> **DESCRIPTION OF THE TASK**
Once you find the line with "Serene Hill Dubai", transcribe it and all the lines that follow to the end of the data, exactly as written; skip any pictures.

> **COLLECTED MATERIAL**

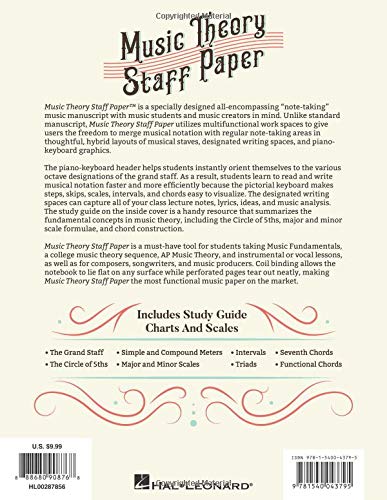 Music Theory Staff Paper With Keyboard Layout - Image 2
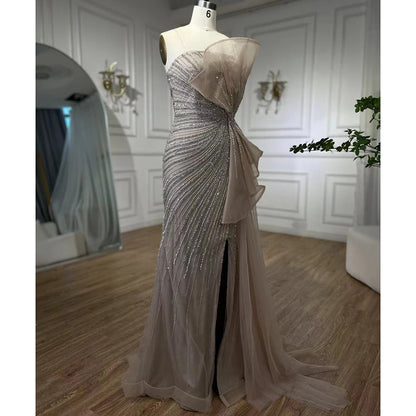 Serene Hill Dubai Green Beaded Mermaid High Split Evening Gowns 2025 Prom Dresses For Women Wedding Party LA72090 - SERENE HILL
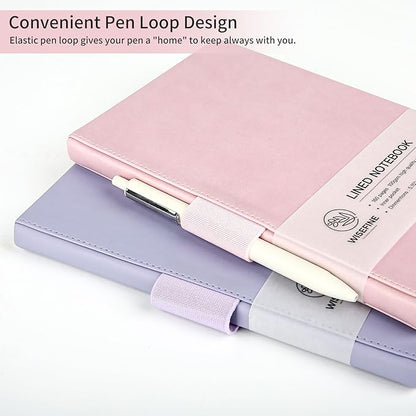 Hardcover Executive Notebooks, 160 Pages Line Ruled Classic Notebook Journal, Leather Notebooks with Pen for Bussiness College Writing Pink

> **EXERCISE RESULT**
 Serene Hill Dubai Green Beaded Mermaid High Split Evening Gowns 2025 Prom Dresses For Women Wedding Party LA72090 - SERENE HILL
 Hardcover Executive Notebooks, 160 Pages Line Ruled Classic Notebook Journal, Leather Notebooks with Pen for Bussiness College Writing Pink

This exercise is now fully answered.